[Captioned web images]
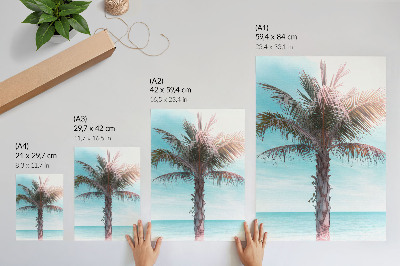 Foto su tela Palma sul mare azzurro, cielo vellutato, tropicale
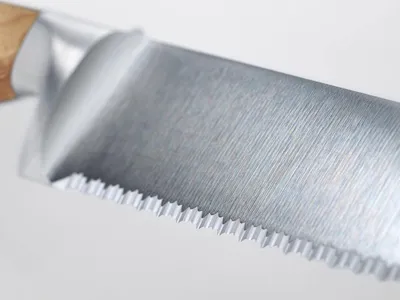 Brotmesser 23 cm, Olivenholzgriff, doppelt gezahnt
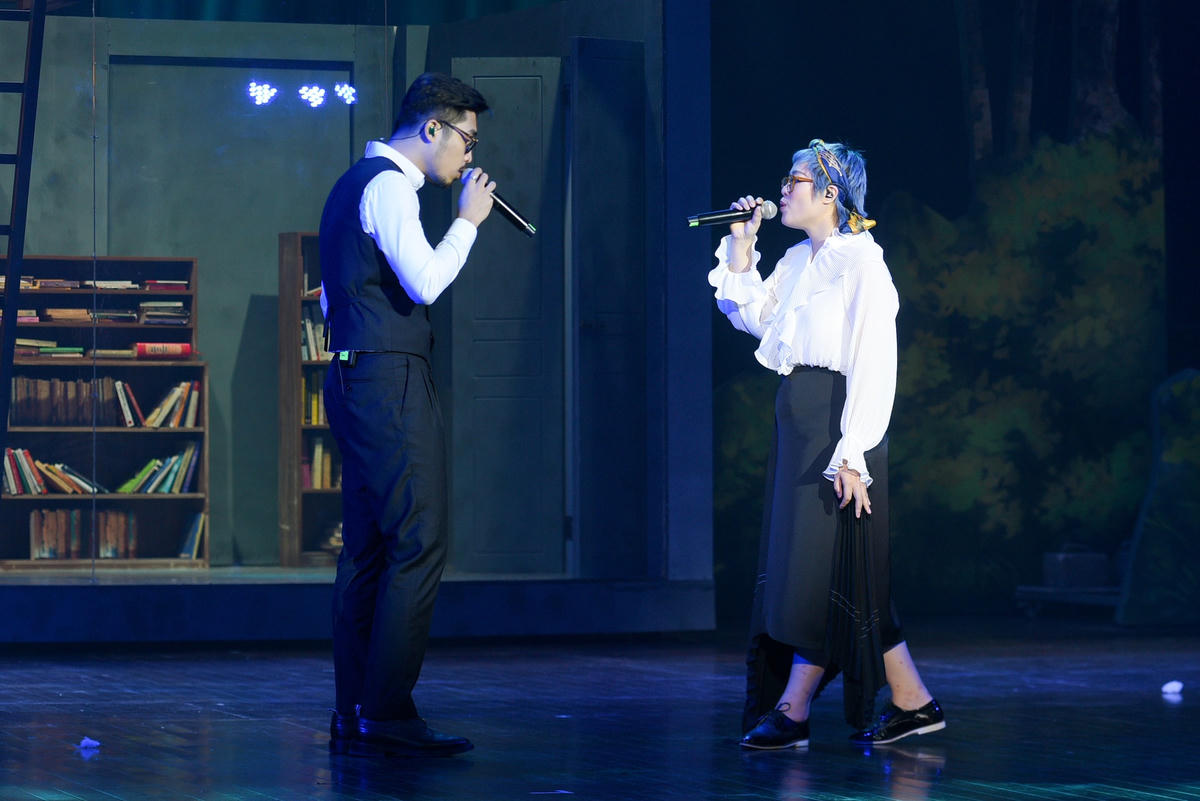 Tiếp nối mạch cảm xúc, chương II - "Sóng" mở ra không gian với âm nhạc và những thước phim tư liệu. Bên cạnh Vũ lịch lãm, thâm trầm, Mạc Mai Sương giản dị và mộc mạc như thường lệ. Hai giọng ca trẻ, với "màu" giọng văn minh, 2 giọng ca kết hợp đầy mới mẻ, sáng tạo. Ảnh: BTC. 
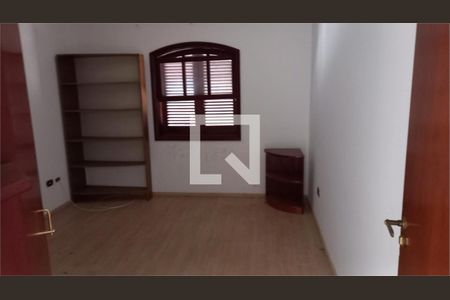 Casa à venda com 3 quartos, 400m² em Jardim Peri, São Paulo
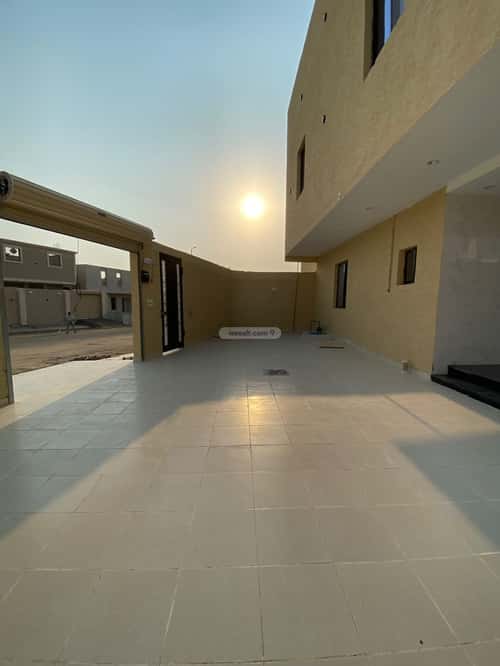 7 bedroom villa in Al Ukayshiyyah 3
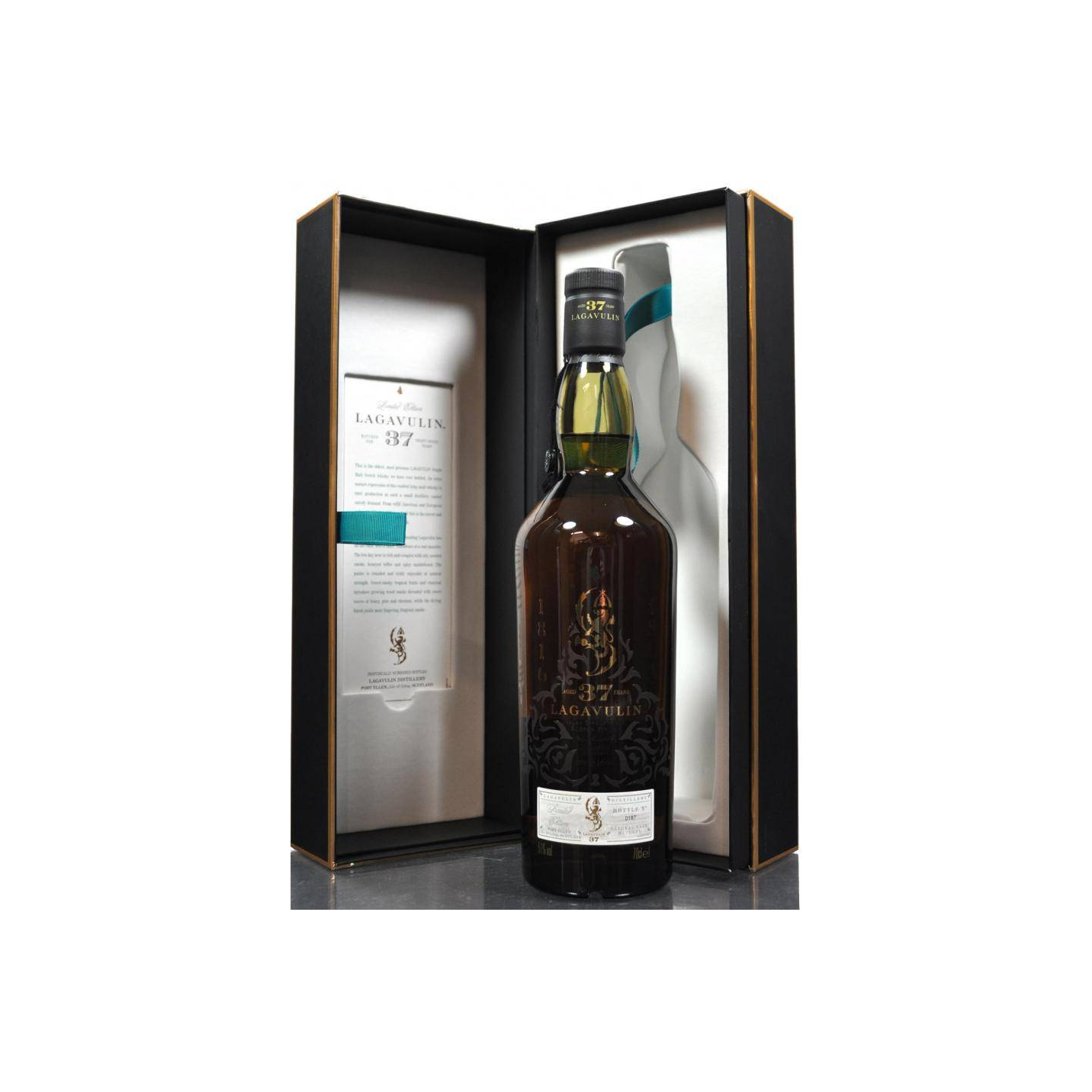 Lagavulin 1976 37 Years Single Malt Whisky 3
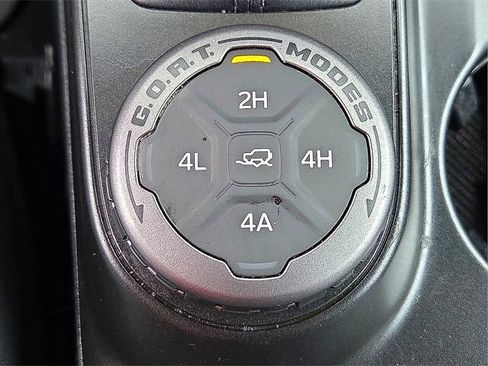 Used 2023 Ford Bronco Wildtrak image 20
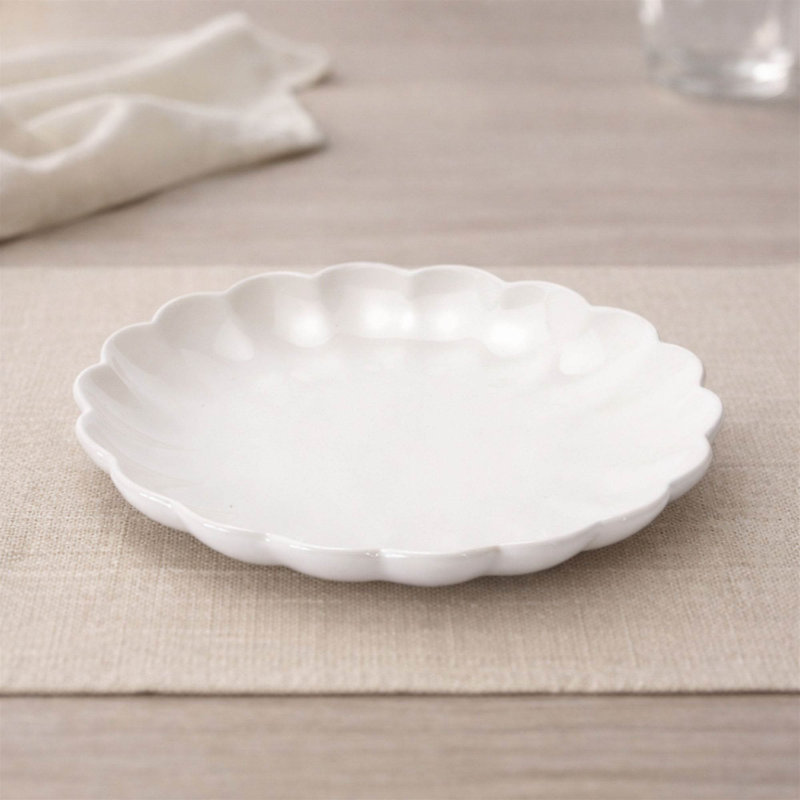 Assiette plate en grès blanc festonné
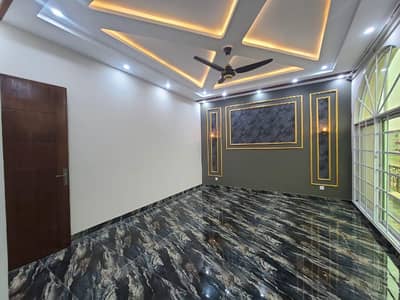 Lda Avenue One 20 Marla Upper Portion For Rent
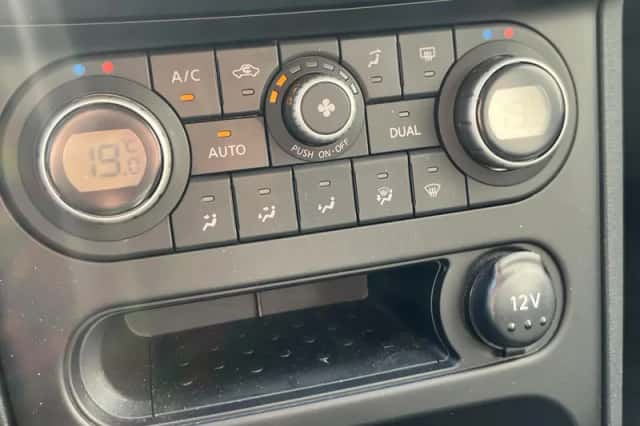 Nissan Qashqai (2010) thumbnail 4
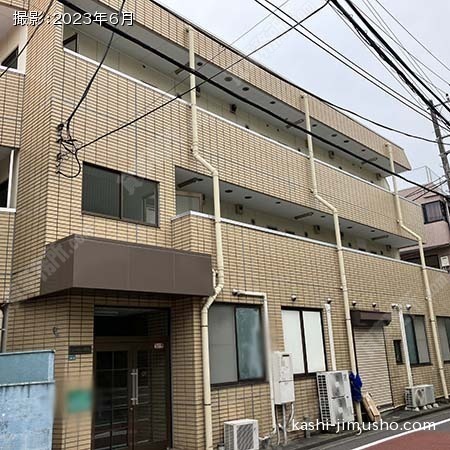 ビル前面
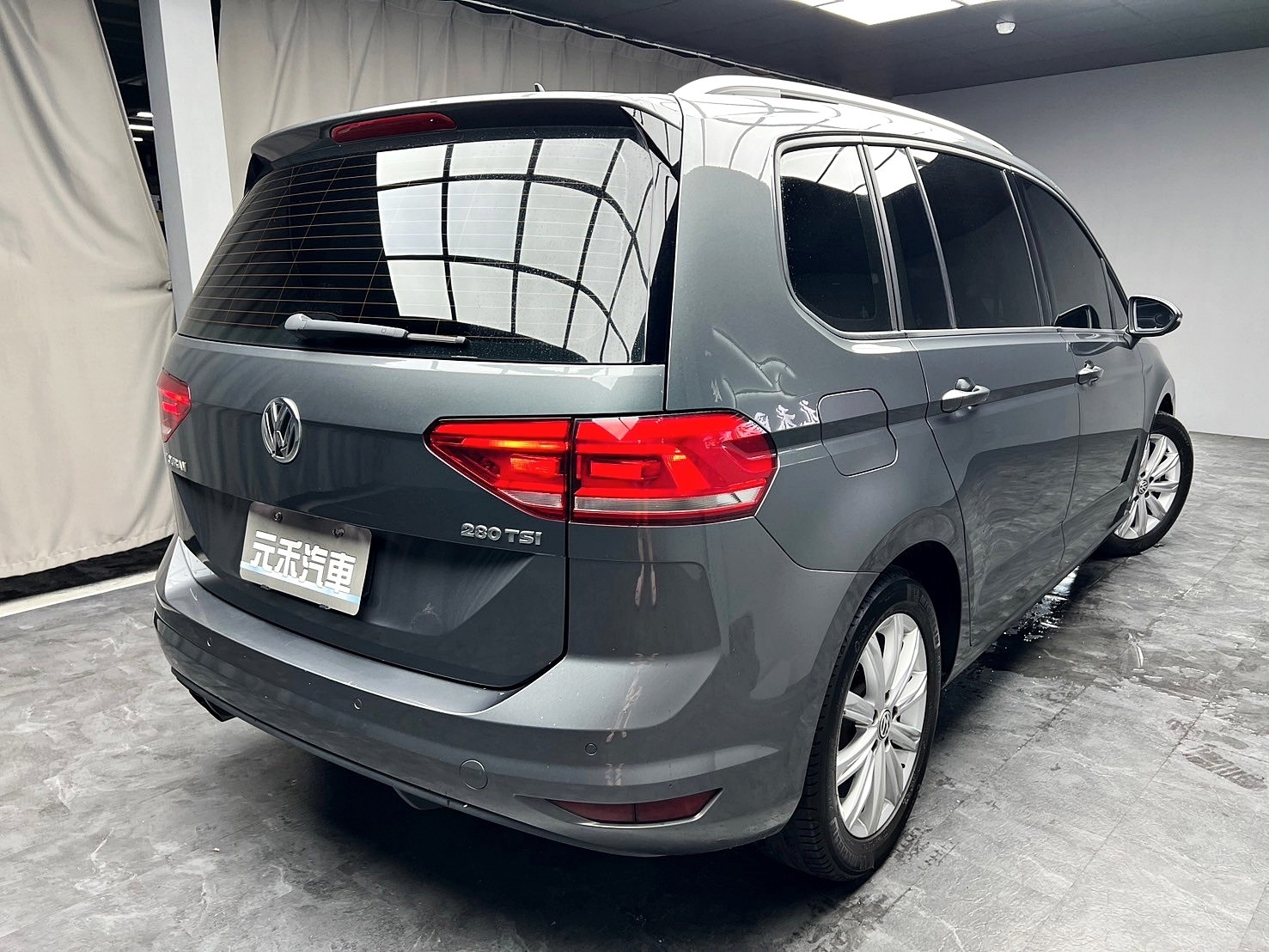 可回原廠 2017 Volkswagen Touran 280TSI Comfortline 七人座『小李經理』元禾國際車業/特價中/一鍵就到  第18張相片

◆ **Task instructions**
Please retype the lines from the one that contains "Lda Avenue One" through the final line of the data, both included, without any pictures.

◆ **Answer below**
 Lda Avenue One 20 Marla Upper Portion For Rent
 Nissan Qashqai (2010) thumbnail 4
 ビル前面
 可回原廠 2017 Volkswagen Touran 280TSI Comfortline 七人座『小李經理』元禾國際車業/特價中/一鍵就到  第18張相片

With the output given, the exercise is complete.